** Assigned task **
If a picture appears in the records, leave it out and transcribe the rest exactly.

Extracted records
--- START ---
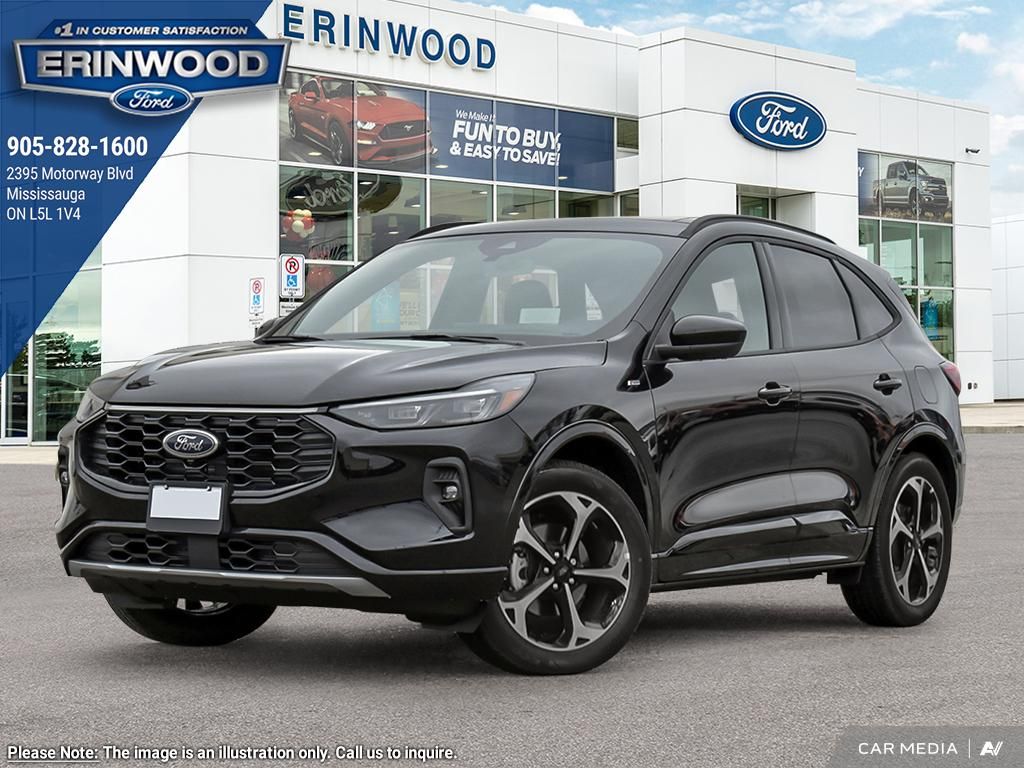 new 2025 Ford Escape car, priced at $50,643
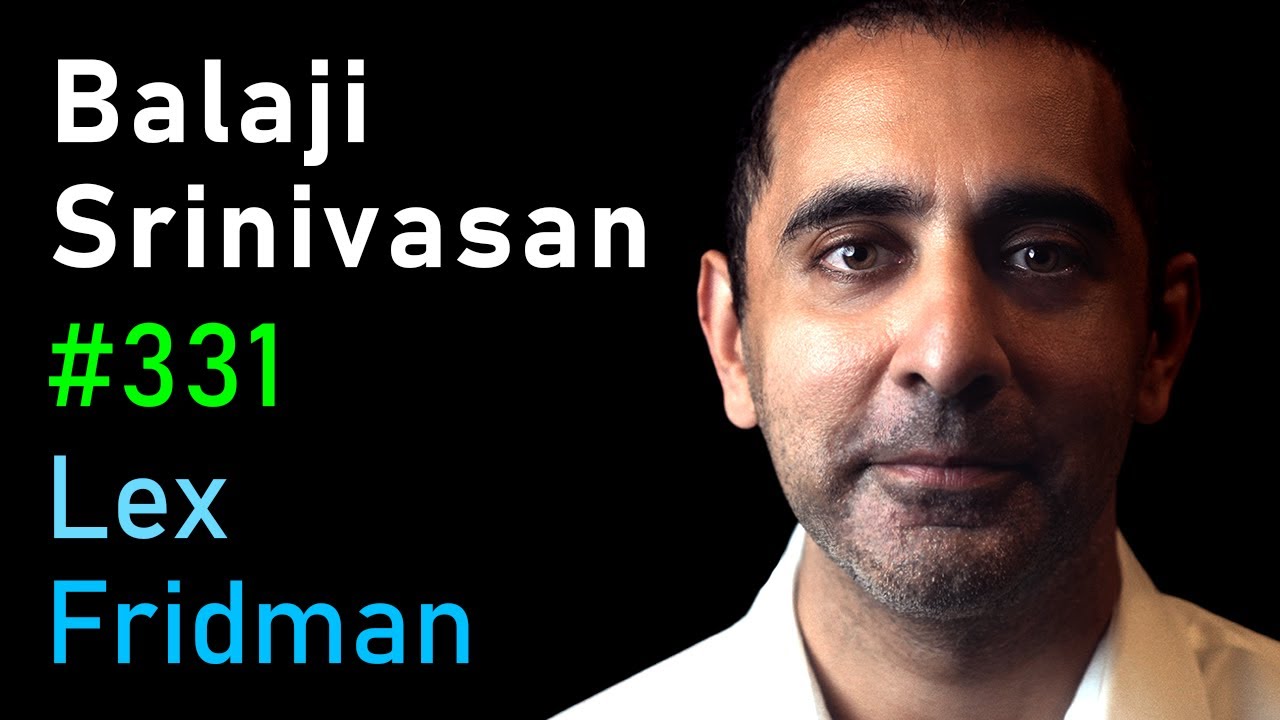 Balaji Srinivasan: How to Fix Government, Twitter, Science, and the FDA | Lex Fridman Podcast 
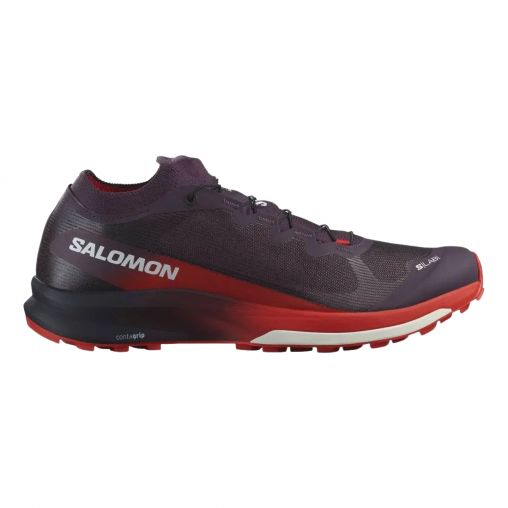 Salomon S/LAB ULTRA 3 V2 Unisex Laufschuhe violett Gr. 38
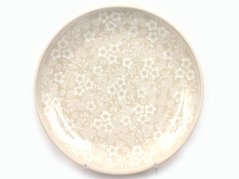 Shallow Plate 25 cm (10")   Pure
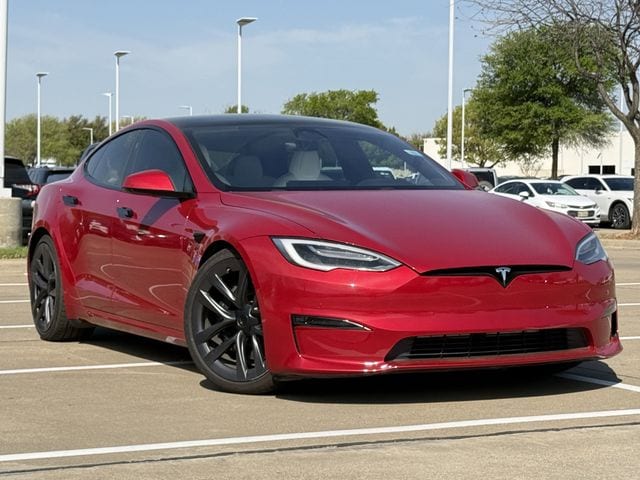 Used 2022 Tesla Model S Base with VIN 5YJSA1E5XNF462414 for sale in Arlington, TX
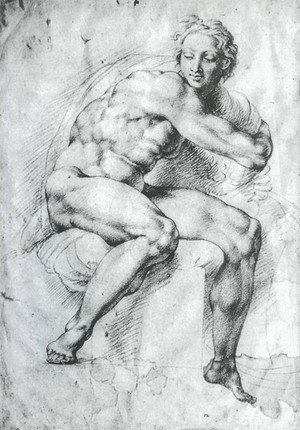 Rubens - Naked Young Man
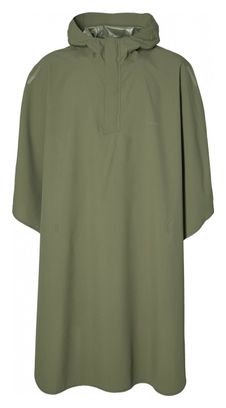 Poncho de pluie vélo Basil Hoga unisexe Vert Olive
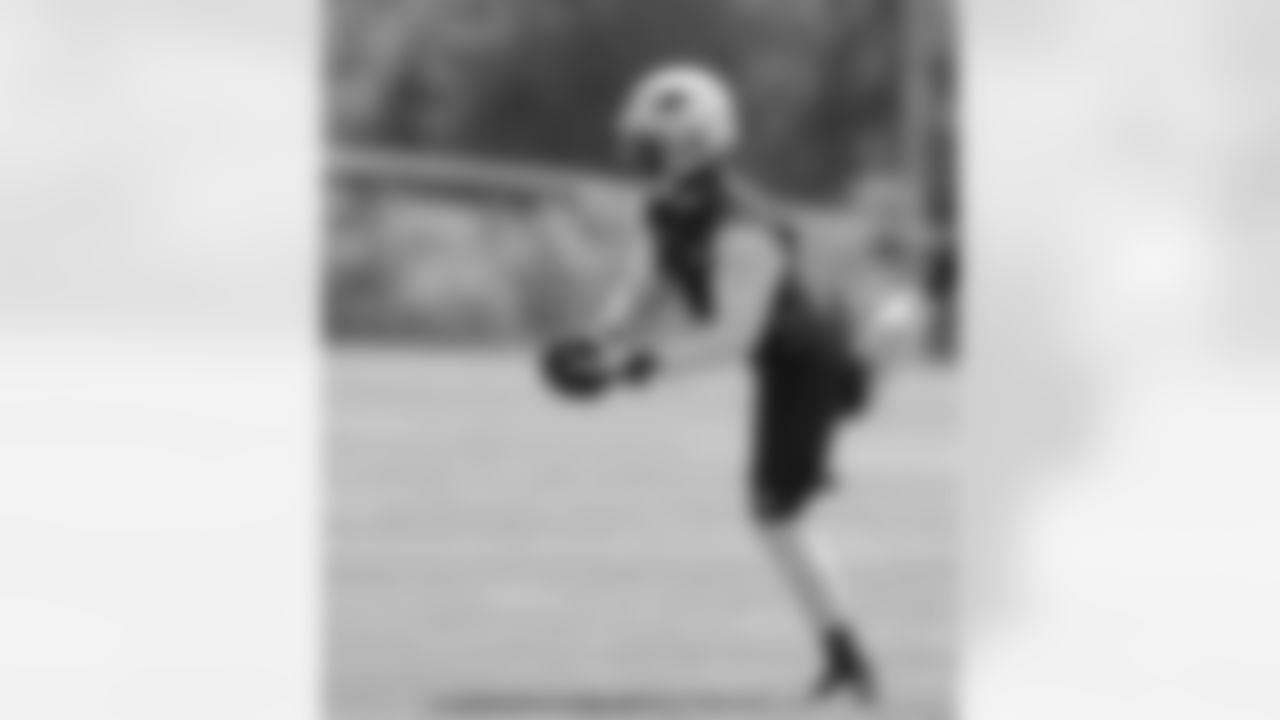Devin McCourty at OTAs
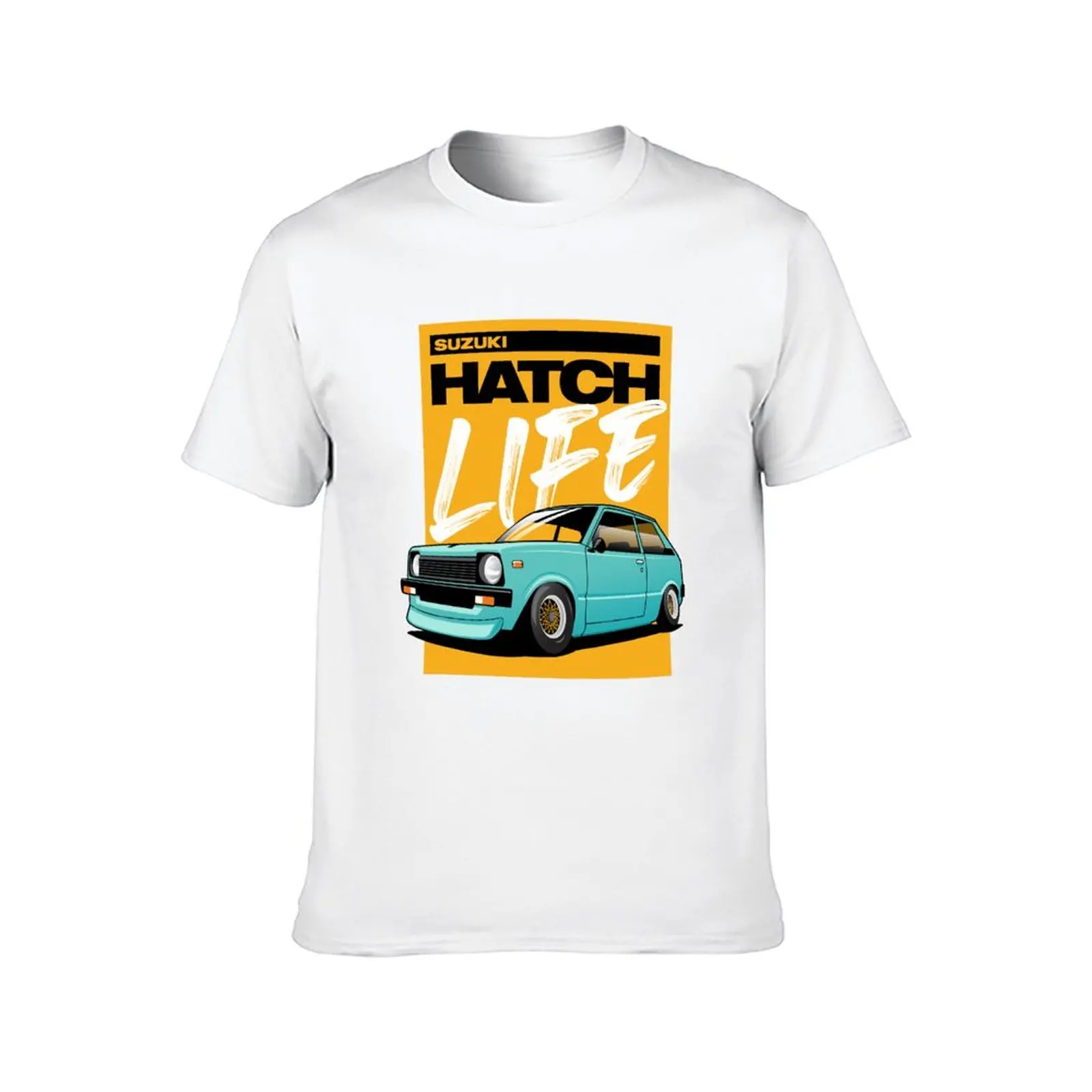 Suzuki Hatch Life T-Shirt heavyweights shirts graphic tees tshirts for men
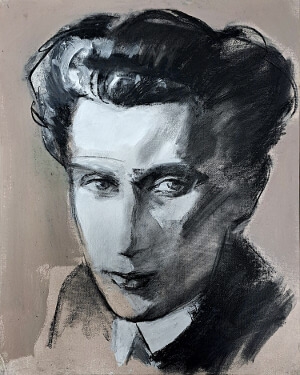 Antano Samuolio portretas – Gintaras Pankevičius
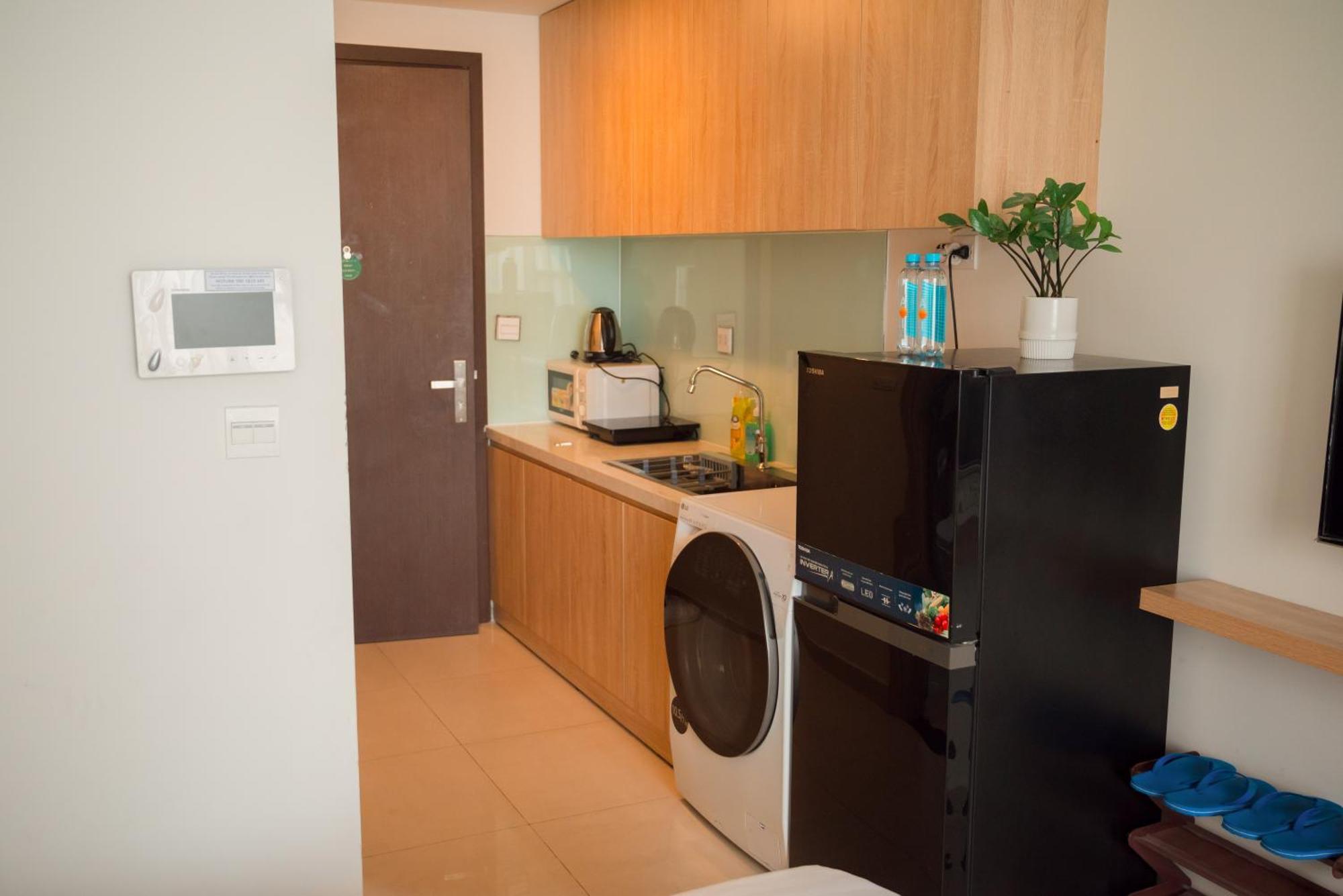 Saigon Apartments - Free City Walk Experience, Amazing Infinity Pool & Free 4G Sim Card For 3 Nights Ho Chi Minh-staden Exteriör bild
--- END ---
** Your solution **
 new 2025 Ford Escape car, priced at $50,643
 Balaji Srinivasan: How to Fix Government, Twitter, Science, and the FDA | Lex Fridman Podcast 
 Salomon S/LAB ULTRA 3 V2 Unisex Laufschuhe violett Gr. 38
 Shallow Plate 25 cm (10")   Pure
 Used 2022 Tesla Model S Base with VIN 5YJSA1E5XNF462414 for sale in Arlington, TX
 Rubens - Naked Young Man
 Poncho de pluie vélo Basil Hoga unisexe Vert Olive
Devin McCourty at OTAs
 Suzuki Hatch Life T-Shirt heavyweights shirts graphic tees tshirts for men
 Antano Samuolio portretas – Gintaras Pankevičius
 Saigon Apartments - Free City Walk Experience, Amazing Infinity Pool & Free 4G Sim Card For 3 Nights Ho Chi Minh-staden Exteriör bild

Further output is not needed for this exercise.